Subject to the terms and conditions hereof and to the modification,
withdrawal or cancellation of the offering without notice, and subject to the
terms and conditions of the Underwriting Agreement, one or more of the
Underwriters, acting through us, are severally offering to certain dealers
("Dealers") (included among whom may be any or all of the Underwriters and their
respective subsidiaries) who are members of the National Association of
Securities Dealers, Inc. (the "NASD") or foreign dealers registered under the
Securities Exchange Act of 1934, as amended (the "Exchange Act"), who shall
agree, in making sales of the Shares in the United States, to conform to the
NASD Conduct Rules, or if not so registered, shall agree not to reoffer, resell
or deliver the Shares in the United States, its territories or possessions or to
persons who they have reason to believe are citizens thereof or residents
therein, unless they comply with the NASD's Interpretation with Respect to
Free-Riding and Withholding and comply, as though they were members of the NASD,
with the provisions of Rules 2730, 2740 and 2750 of the NASD Conduct Rules and
with Rule 2420 of the NASD Conduct Rules as that rule applies to a nonmember
foreign dealer, the opportunity to purchase Shares at $ per Share (the
"public offering price") less a concession to Dealers of $ per Share.
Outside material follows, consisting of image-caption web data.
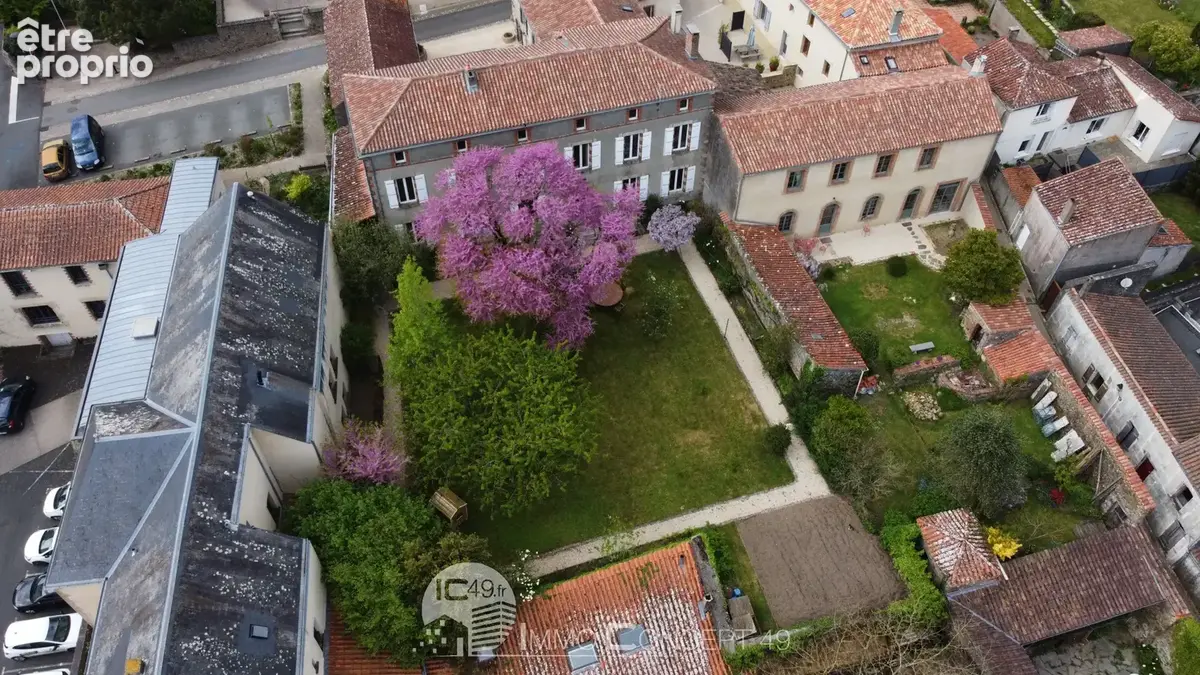 Maison 11 pièces 366 m² à vendre à Pouzauges (85700) - photo 4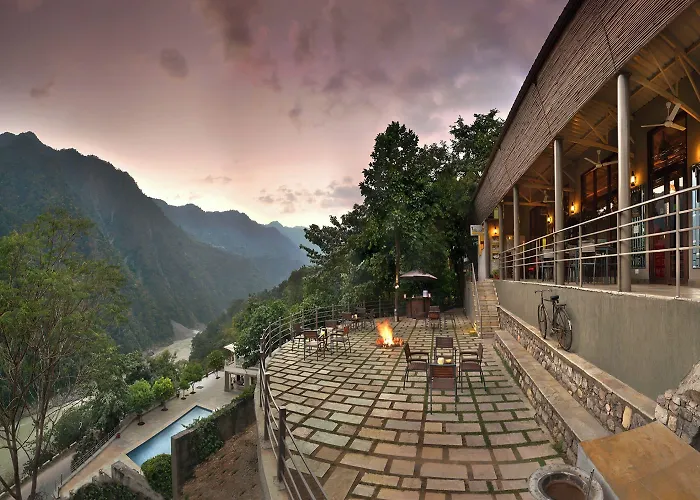 Best 5-Star Hotels in Rishikesh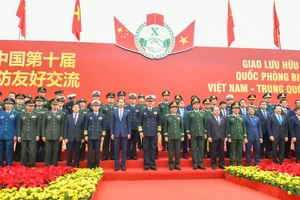 Đại tướng Phan Văn Giang, Ủy viên Bộ Chính trị, Phó Bí thư Quân ủy Trung ương, Bộ trưởng Quốc phòng cùng Đoàn đại biểu Quốc phòng Việt Nam và Thượng tướng Đổng Quân, Bộ trưởng Quốc phòng nước Cộng hòa Nhân dân Trung Hoa và Đoàn đại biểu Trung Quốc. 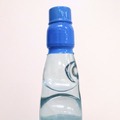 自主回収となる炭酸飲料「極ふつうのラムネ」（ジブリパーク提供）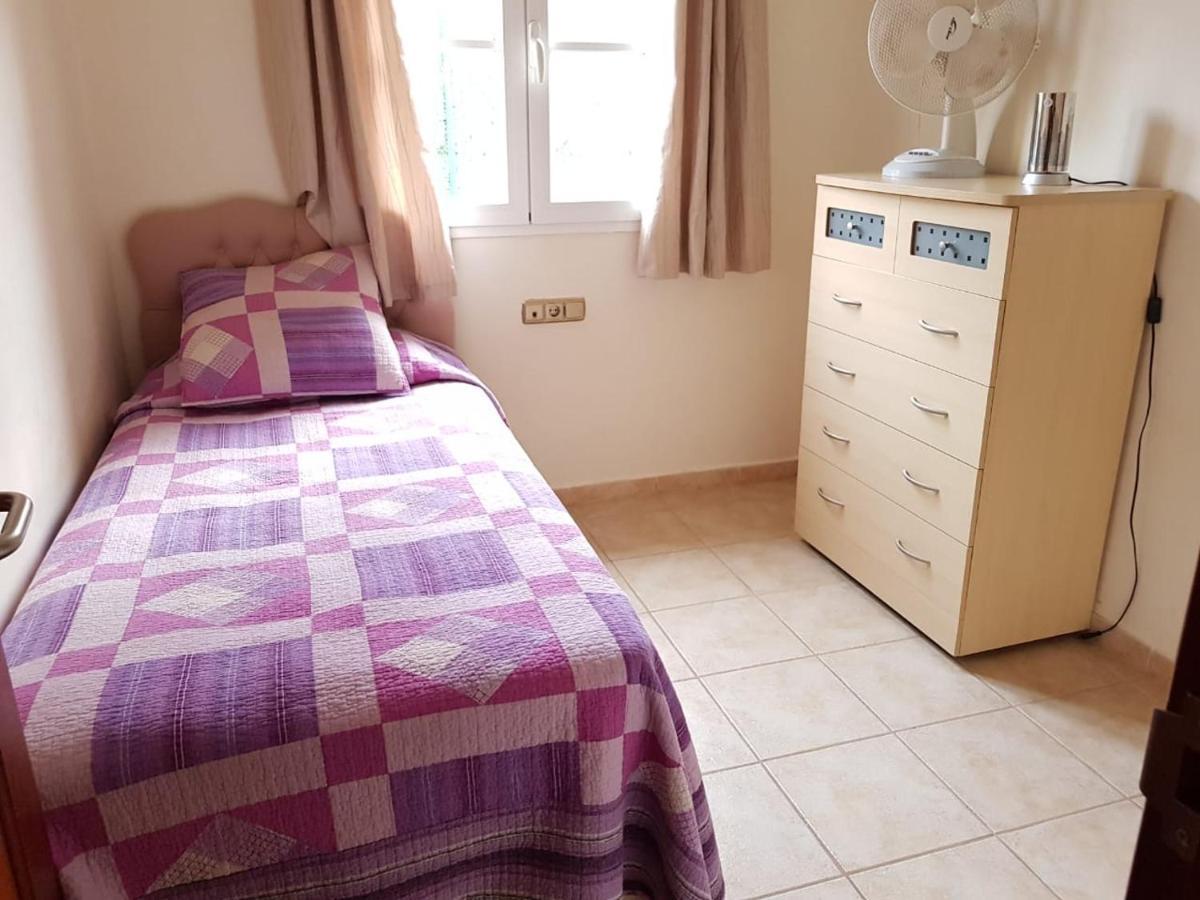 Dwarika, Away From - Private Heated Pool Villa Caleta de Fuste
This
offer is extended to you only on behalf of such of the Underwriters as may
lawfully sell Shares to Dealers in your state.
We shall advise you by telegram, facsimile or letter of the method and
terms of the offering. Acceptance of any reserved Shares, which must be sent by
telegraph or in writing to us, received by the time specified therefor in the
offering telegram, facsimile or letter to us by the time specified therefore in
the offering communication, and any application for additional Shares, will be
subject to rejection in whole or in part. The subscription books for the
offering to Dealers may be closed by us at any time without notice and we
reserve the right to reject any subscription in whole or in part. All
subscriptions will be received subject to prior sale.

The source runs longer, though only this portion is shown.